プロダクションを立ち上げて2、3年経った頃だっただろうか、ある夜1人で歩いていた帰宅途中・・・。
「か~こっいい~!」
ん?
声のした方を振り返ると、シャッターの閉まった店の前に20歳前後と思われる2人の若僧が座ってこっちを見ていた。
なんだ、酔っ払いかと思ってそのまま歩いていると、また何やら言ってくる。
「リーゼントカッコいいな~!」
面倒くさいのでシカト。
「お兄さ~ん!カッコいいって言ってやってんじゃんかよ~!」
そう言いながら、俺の後に付いてくる2人。
なんだ?三茶って、いつからこんな治安悪くなった?
そして、歩いている俺の肩を後ろから掴んできた。
「お兄さ~ん、褒めてあげたんだから金貸してよ。」
はあ?これがオヤジ狩り?いやいや、まだ俺若いし!しかも、お兄さんって言ってたじゃん。
R246から住宅街に入る路地に、俺は左右から腕を取られた状態で連れ込まれた。
そして、1人の手が俺の腕から離れスーツの内ポケットに入った瞬間、俺の勘忍袋が爆発。

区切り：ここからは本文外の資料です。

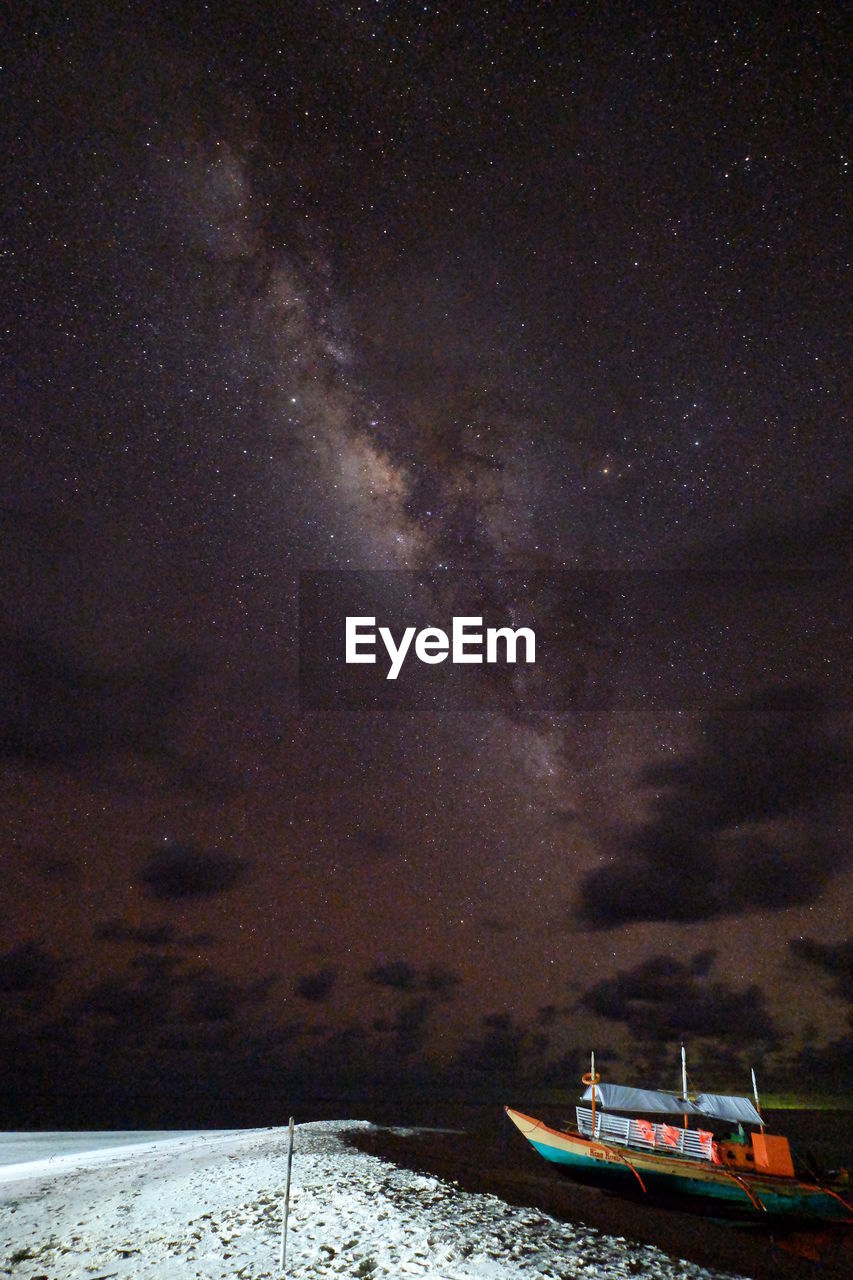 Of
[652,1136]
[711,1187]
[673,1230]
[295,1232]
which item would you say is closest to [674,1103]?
[652,1136]

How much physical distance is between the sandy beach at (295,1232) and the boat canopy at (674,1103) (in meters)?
16.9

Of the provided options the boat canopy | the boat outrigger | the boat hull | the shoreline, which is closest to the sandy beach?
the shoreline

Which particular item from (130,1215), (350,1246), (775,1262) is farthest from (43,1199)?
(775,1262)

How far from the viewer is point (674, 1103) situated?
4959 centimetres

数秒後、地面に沈みベタベタと赤黒く汚れた顔の2人をよく見ると、ソフトケースに入ったギターが目に入った。
俺はそのギターを手にし振り上げた時だった。
「あ、そ、それ・・・止めてください・・・ギターだけは・・・。」
「ギターだけは何だよ!」
「すいませんでした・・・ギター・・・お願いします・・・」
そう言うと力尽きたのか、地面にあぐらをかいた状態で動かなくなった。
もう1人は、ヨレヨレと走って何処かに行ってしまった。
冷たい奴だ。
そんな状況を見て、俺は冷静さを取り戻した。
「お前いくつだ?」
「21です。」
「バンドやってんのか?」
「は、はい。」
男はあぐらをかいたまま、俺を見上げるように答えていた。
「こんなバカなことやってないで、真剣に夢を叶える気があったら連絡して来い。」
そう言って、俺は名刺を男の膝元に落として帰ったのだった。
翌日、事務所のインターホンが鳴ったので出てみると、それは昨晩の2人組だった。
しかも、顔がパンパンに腫れ上がり青紫色をしていて気持ち悪い。
事務所に入れると、2人はすぐさま土下座してきた。
「夕べはすいませんでした!」
「お前らこの辺なのか?」
「はい!」
「で?何の用だ?」
「えっ?あ、あの、名刺もらったの見たら、プロダクションの方だと分かったんで・・・。」
「ん?」
「俺たちデビューしたいんです!」
「それで?」
「本気で夢を叶えたいんです!」
「あっそ・・・とりあえず警察呼ぶから動くなよ!オヤジ狩り犯が来たって、110番しないとな。」
「えっ?」
「ウソだよ。」
「・・・・・。」
「おい、お前、コイツ残して何で逃げた?自分だけ助かりたかったか?」
「いいえ・・・その・・・。」
「仲間を見捨てるような奴に夢を叶える資格は無いし、俺の視界に入ることも許さねえからな!」
「すいませんでした!」
「いいか、誰かと何かをするには信頼関係が大事なんだぞ。」
「はい・・・。」
「まして何かあったら1人だけ逃げるような奴を信用できるわけねえだろ?」
「はい、すいません。」
と、その時、スタッフの三木が出勤して来た。
「社長?」
「あぁ、コイツらバンドでデビューしたいらしいぞ。」
「はぁ・・・。」
「お前らデモテープか何かあるのか?」
「はい!持って来ました!」
「三木、これちょっとかけてみて。」
カセットから、ロック調のイントロが聴こえてきた。
「4人か?」
「はい!」
「あと2人もオヤジ狩り犯?」
「いいえ、違います!」
「社長、オヤジ狩りって・・・」
「ん?あぁ、コイツらと縁があったら、後でコイツらから聞いてみな。」
「はぁ。」
「ボーカルは誰だ?」
「俺です。」
逃げた奴じゃない方の男が手を挙げた。
「曲は誰が作ってるんだ?」
「あとの2人のうちの1人と、俺が作ってます。」
また逃げた方じゃない奴が答えた。
「おい、逃げた弱虫くんは何をやってるんだ?」
「はあ、俺はベースです。」
「オリジナルは何曲くらいある?」
「まだ、7曲です。」
「じゃあ20曲出来たらまた来い。」
「はい!分かりました!」
「本気ならな。」
「はい!本気です!」
さて、この後この若者たちはどうなったでしょう。
皆さんのご想像にお任せします。